Menurut Ibnu al-Qayyim al-Jauziyah, merupakan tokoh Ushul Fiqh Hanbali yaitu:
menetapkan berlakunya suatu hukum yang telah ada atau meniadakan sesuatu yang
memang tidak ada sampai ada yang mengubah kedudukanya atau menjadikan hukum yang
telah di tetapkan pada masa lampau yang sudah kekal menurut keadaannya sampai
terdapat argumentasi (dalil) yang menunjukkan perubahannya.

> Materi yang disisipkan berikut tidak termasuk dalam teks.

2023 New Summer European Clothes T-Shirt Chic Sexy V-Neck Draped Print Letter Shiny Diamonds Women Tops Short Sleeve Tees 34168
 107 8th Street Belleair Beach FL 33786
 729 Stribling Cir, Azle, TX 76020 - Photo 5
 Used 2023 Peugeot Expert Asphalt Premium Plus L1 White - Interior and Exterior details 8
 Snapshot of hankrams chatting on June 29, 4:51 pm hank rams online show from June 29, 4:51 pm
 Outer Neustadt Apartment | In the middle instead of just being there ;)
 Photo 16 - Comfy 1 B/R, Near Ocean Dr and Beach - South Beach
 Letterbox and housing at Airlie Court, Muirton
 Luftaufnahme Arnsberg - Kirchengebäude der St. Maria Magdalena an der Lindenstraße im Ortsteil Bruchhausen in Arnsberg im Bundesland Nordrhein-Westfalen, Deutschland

ثبت ماكان ثابتاونفي ماكان منفيا استخدامة
“Mengukuhkan/menetapkan apa yang pernah di tetapkan dan meniadakan apa yang
sebelumnya tidak ada.”
Al-Ghazali mendefinisikan al- Istishab adalah berpegang pada argumentasi (dalil akal) atau
Syara’, bukan didasarkan karena tidak mengetahui dalil, tetapi setelah melalui pembahasan
dan penelitian cermat, diketahui tidak ada dalil yang mengubah hukum yang telah ada.
Kehujahan istishab
Mayoritas ulama dari mazhab Maliki, Syafi’i, dan Hanbali menyatakan bahwa istishab
merupakan hujjah secara penuh, baik dalam mempertahankan sesuatu yang sudah ada
(daf’i), maupun menetapkan sesuatu yang belum ada (itsbat). Sedangkan ulama
muta’akhirin dari mazhab Hanafi, di antaranya imam Abu Zaid dan Shadrul Islam Abul Yusr,
berpendapat, istishab merupakan hujjah dalam mempertahankan sesuatu yang sudah ada
(daf’i), bukan menetapkan sesuatu yang belum ada (itsbat). Sementara, mayoritas ulama
mazhab Hanafi, sebagian ulama mazhab Syafi’i, Abul Husein al-Bashri, dan sekelompok
ulama ilmu kalam berpendapat, istishab bukan merupakan hujjah sama sekali.